Na minha modesta opinião, o fracasso destas manifestações inspiradas na Primavera Árabe e nos protestos contra o capitalismo selvagem nas capitais européias e nos Estados Unidos, reside na falta de objetivos e de sinceridade dos diferentes movimentos que se apresentam como “apartidários” e “apolíticos”, como se isto fosse possível. Pelo jeito, o povo brasileiro está feliz com o país em que vive – e, por isso, só vai às ruas por um bom motivo, não a convite dos antigos “formadores de opinião”.

Afinal, todos somos contra a corrupção – até os corruptos, para combater a concorrência, certamente -, mas esta turma é mesmo contra o governo. Basta ver quem são seus arautos na imprensa, que hoje abriga o que sobrou da oposição depois das últimas eleições presidenciais. Dilma pode demitir todos os ministros e fazer uma faxina geral na máquina do governo que eles ainda vão querer mais, e continuarão “convocando o povo” nas redes sociais. Valentes de internet, não estão habituados a enfrentar o sol e a chuva da vida real. Ao contrário do que acontece em outros países, estes eventos no Brasil são mais um fenômeno de mídia do que de massas – a mesma grande mídia que apoiou o golpe de 1964 e escondeu até onde pode a Campanha das Diretas Já, em 1984 (com a honrosa exceção da “Folha de S. Paulo”, onde eu trabalhava na época).

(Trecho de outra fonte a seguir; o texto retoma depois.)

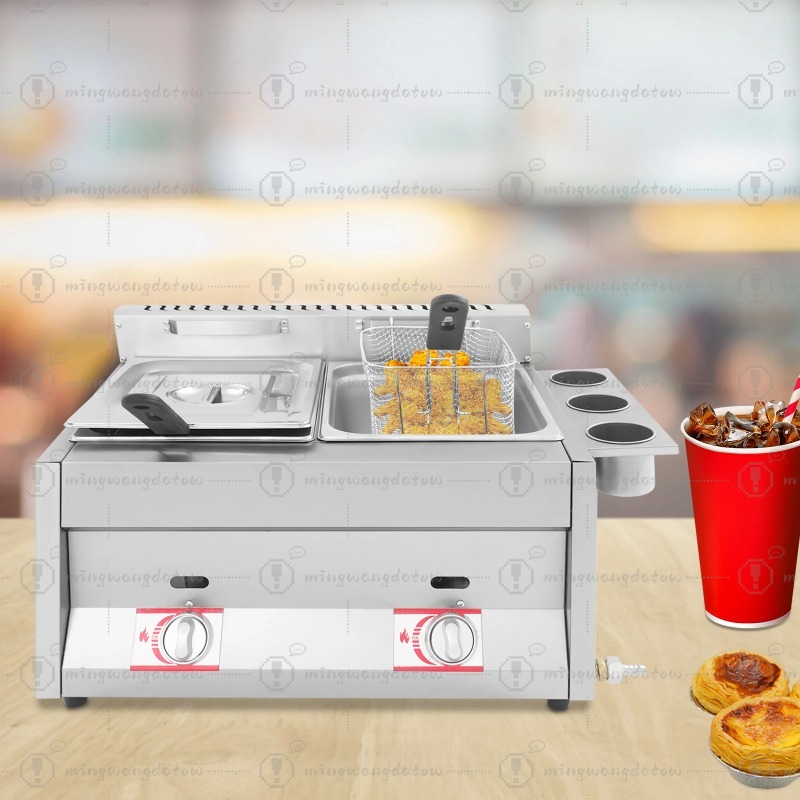 NEW Commercial Gas Deep Fryer  - Fryer Basket Commercial Stainless review and price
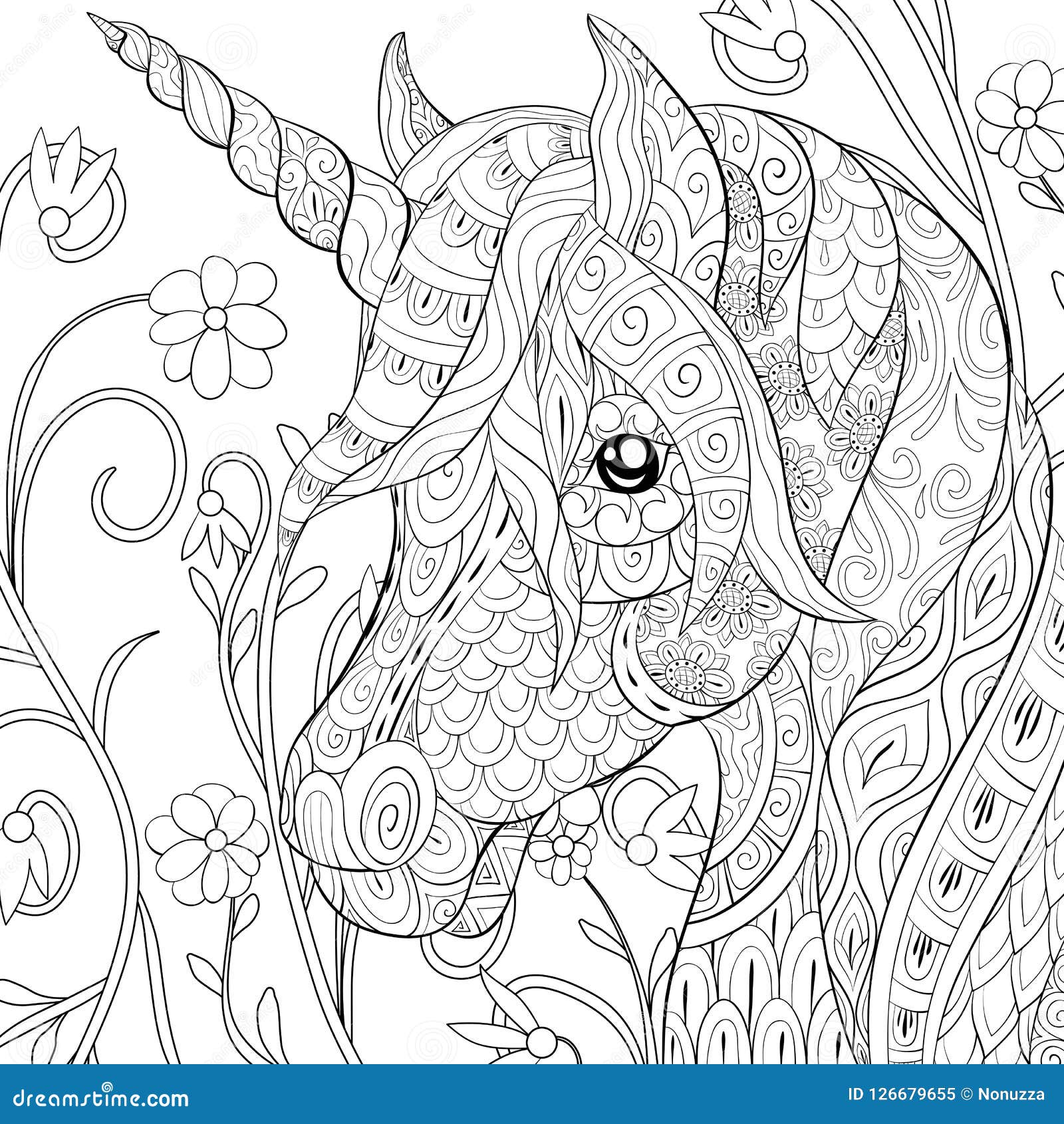 Fantastic unicorn stock illustrations â fantastic unicorn stock illustrations vectors clipart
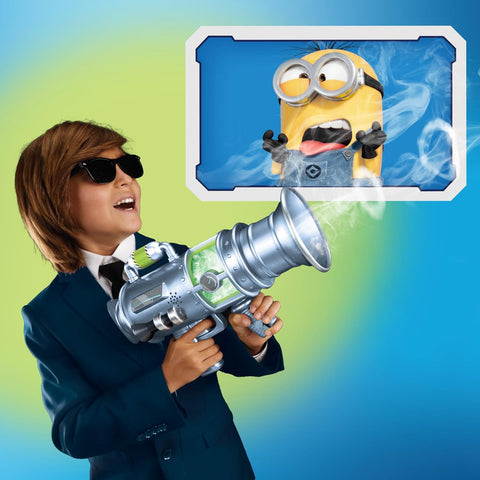 DESPICABLE ME4 ULTRA FART BLASTER--مينيون جهاز تفجير 14 بوصة من ديسبيكابل مي 4 التيميت فارت بلاستر لايتس اند اس اف اكس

Eles não enganam mais ninguém. O povo não é bobo faz tempo.

Ninguém segura a armada corintiana

Como previsto aqui, no começo do campeonato, o Corinthians é o virtual vencedor do Brasileiro deste ano. Tudo conspira nesse sentido, com a colaboração destacada de seus mais diretos concorrentes – Vasco, Botafogo e Flamengo. O único que ainda se mantém vivo e com algum poder de reação é o Fluminense, mas os quatro pontos de distância praticamente inviabilizam qualquer aproximação a três rodadas do final. Quanto ao Timão, além da força de bastidores, mantém a regularidade. Tecnicamente, não encanta ninguém, mas vai “goleando” por 1 a 0 e 2 a 1, acumulando os pontos necessários. Ontem, em Fortaleza, encontrou um Ceará surpreendentemente passivo, que não opôs maior resistência. A festa dos campeões, como anteviu a CBF, só podia mesmo ser realizada em São Paulo.